▶ **RECORDS FOR THIS EXERCISE**:
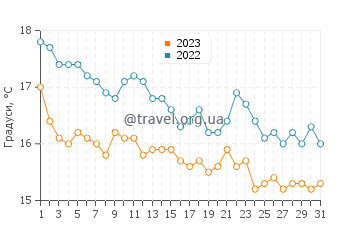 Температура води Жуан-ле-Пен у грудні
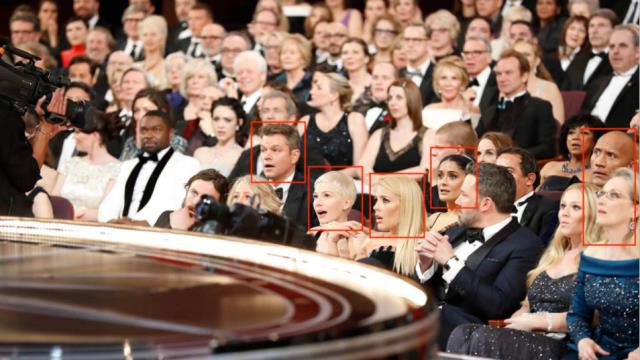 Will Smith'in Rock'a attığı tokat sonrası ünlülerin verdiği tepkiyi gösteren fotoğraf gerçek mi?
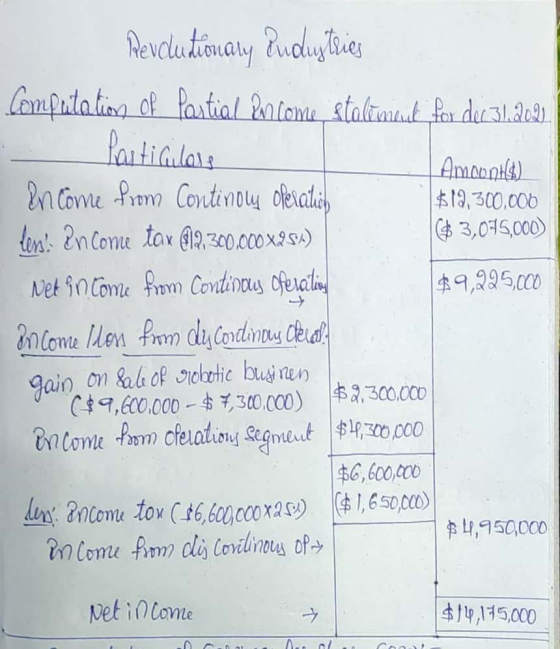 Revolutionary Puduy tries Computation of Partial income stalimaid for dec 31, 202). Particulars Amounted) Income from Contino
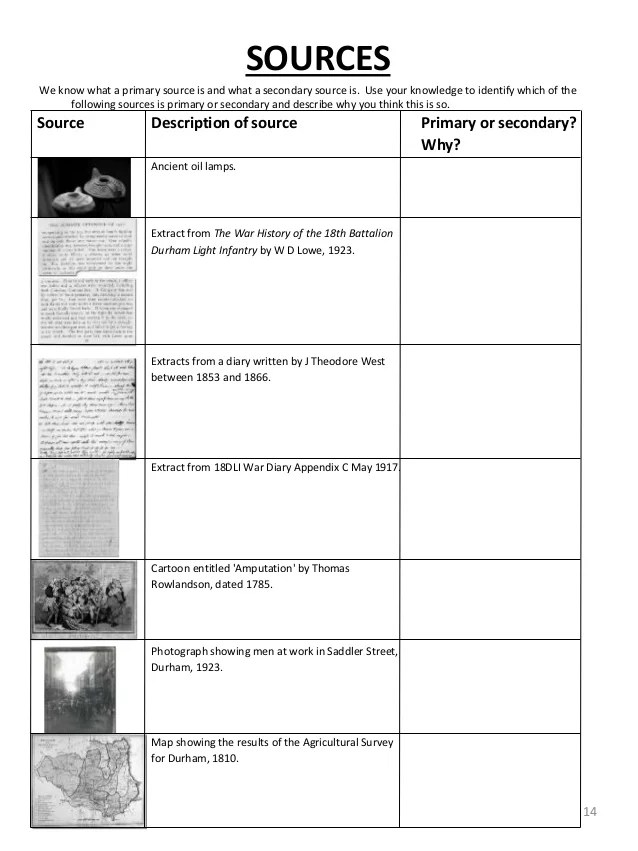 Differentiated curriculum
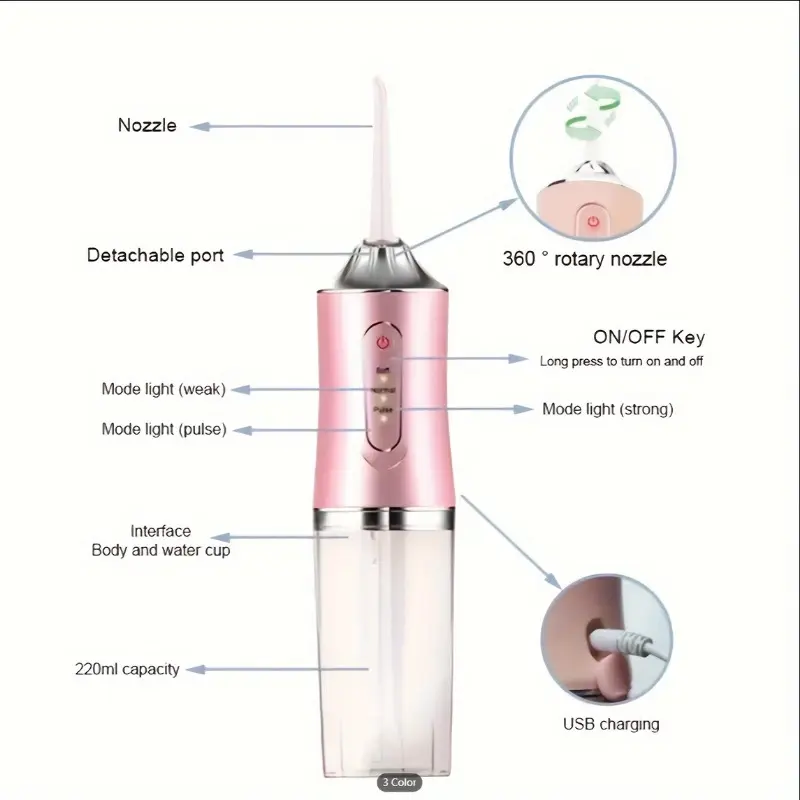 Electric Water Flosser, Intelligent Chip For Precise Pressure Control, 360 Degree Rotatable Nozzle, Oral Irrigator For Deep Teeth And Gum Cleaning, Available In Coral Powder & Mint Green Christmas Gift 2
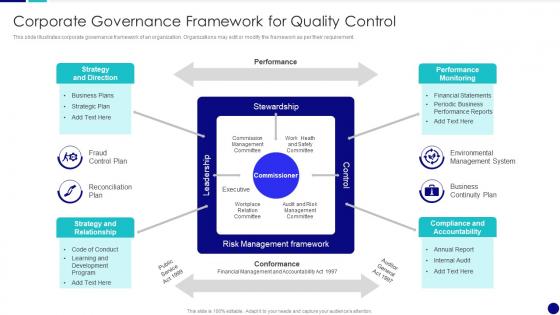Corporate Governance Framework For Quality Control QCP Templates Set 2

▶ **TO DO**: Your answer must be exactly the lines from the one containing "Revolutionary Puduy tries" through the last line of the records above, both included, with every picture left out.

▶ **ANSWER SECTION**:
 Revolutionary Puduy tries Computation of Partial income stalimaid for dec 31, 202). Particulars Amounted) Income from Contino
 Differentiated curriculum
 Electric Water Flosser, Intelligent Chip For Precise Pressure Control, 360 Degree Rotatable Nozzle, Oral Irrigator For Deep Teeth And Gum Cleaning, Available In Coral Powder & Mint Green Christmas Gift 2
Corporate Governance Framework For Quality Control QCP Templates Set 2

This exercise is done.